Dove muore l’accoglienza
Il quotidiano Domani – Stefano Feltri direttore, editore Carlo De Benedetti – ha una diffusione complessiva (digitale e cartacea) di 25 copie – e come altri giornali di “nicchia” pubblica articoli critici e reportage che non “rimbalzano” su altri media. Come ad esempio sono le due pagine che raccontano «“La Guantanamo” polacca dove muore l’accoglienza» un centro per immigrati che fuggono dalle guerre dei loro paesi e che non sono ucraini. Sono migranti che fuggono dalla povertà e guerre, cercando un ingresso in Europa con il sogno di cambiare la loro vita. Si trovano invece senza più diritti, trattati come criminali in una prigione militare dove soprusi e torture. Vivono un destino diverso da chi fugge dall?Ucraina e viene invece accolto. Sono persone invisibili dimenticate da tutti. Sono molti (quanti?) i centri nel mondo, in Europa, in Italia che hanno caratteristiche simili (dove muore l’accoglienza) a quanto è descritto, con testimonianze, nel reportage di M.C. e Lorenzo Di Stasi in Europa che così inizia.

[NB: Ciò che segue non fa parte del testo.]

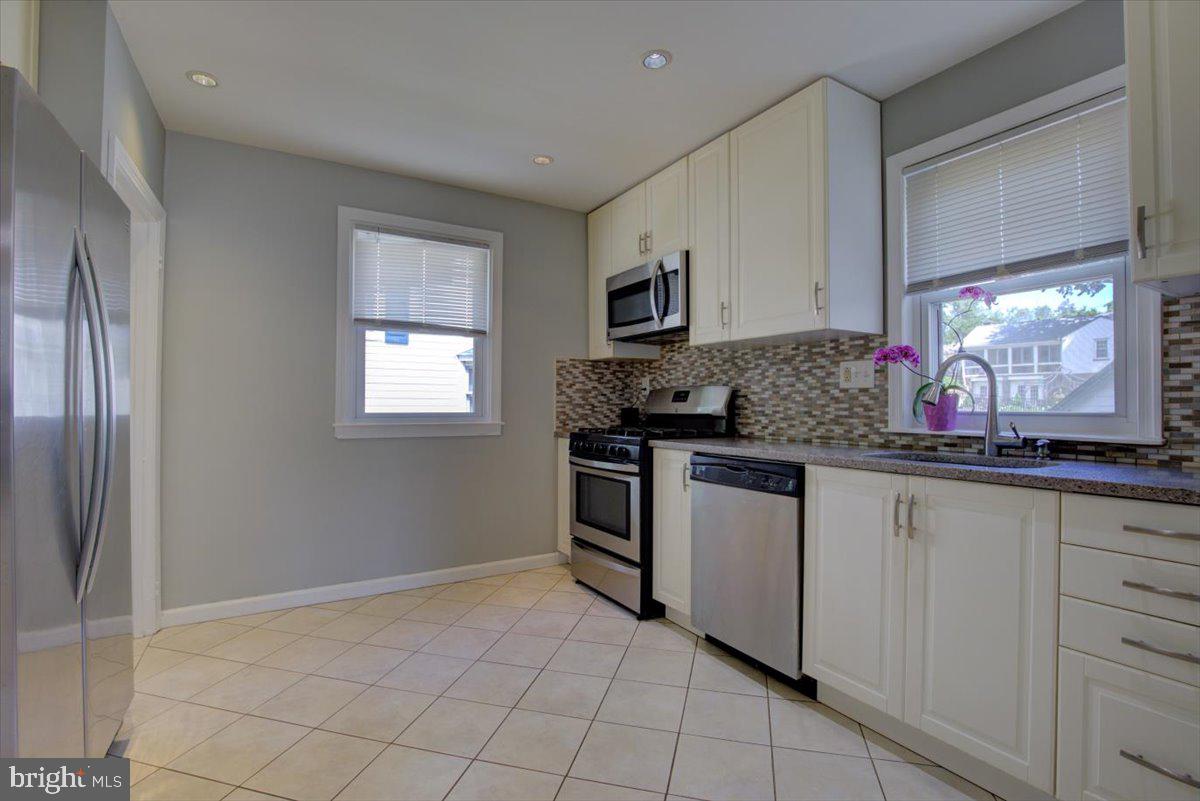 901 Beechwood Road Havertown, PA 19083 - Photo 8 of 30 Gallery Image 8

Con l’invasione russa, molti ucraini sono scappati dal loro paese e sono stati immediatamente accolti da tutti gli stati membri dell’Unione europea. Profughi di nazionalità diversa, invece, non hanno ricevuto lo stesso trattamento. Migliaia di migranti e richiedenti asilo provenienti dal medio oriente sono arrivati al confine bielorusso giàa partire dal luglio 2021, quando Alexander Lukashenko ha minacciato di ‘inondare” l’ Ue con flussi migratori di massa e di usare i rifugiati come arma verso Bruxelles, che aveva imposto sanzioni verso la Bielorussia. Con l’intenzione di raggiungere la Polonia e ottenere protezione internazionale in Europa, molti di questi migranti sono stati bloccati nelle zone di confine per settimane, sia a causa delle «politiche di respingimento» messe in atto dalla polizia di frontiera polacca, sia per la coercizione delle autorità bielorusse nel volerli spingere nuovamente all’interno dell’avamposto dell’Europa orientale. (…) Seguono questi brevi capitoli:
- In prigione
- Come criminali
- I tentativi di suicidio I più stanchi finiscono per pensare che sia meglio togliersi la vita
- Cambiare vita per cambiare le cose
- La zona buia
- Non esistere per l’Europa
- Gli eurodeputati
- Soldi e diritti
- La vita dopo l’inferno
- Storia di Misbauddi
Storia di Misbauddin – «Kurwa, kurwa!». Gli insulti in polacco continuano a rimbombare nella testa di Misbauddin. Lo studente afghano di 17 anni è fuggito dal suo paese l’anno scorso quando c’è stata la presa da parte dei Talebani. Identificato come maggiorenne con la data del «primo gennaio 2003», Misbauddin è arrivato in Polonia seguendo la via dei Balcani, attraverso la Romania. Lì è stato catturato dalla polizia di frontiera polacca ed è stato trasferito a Wedrzyn.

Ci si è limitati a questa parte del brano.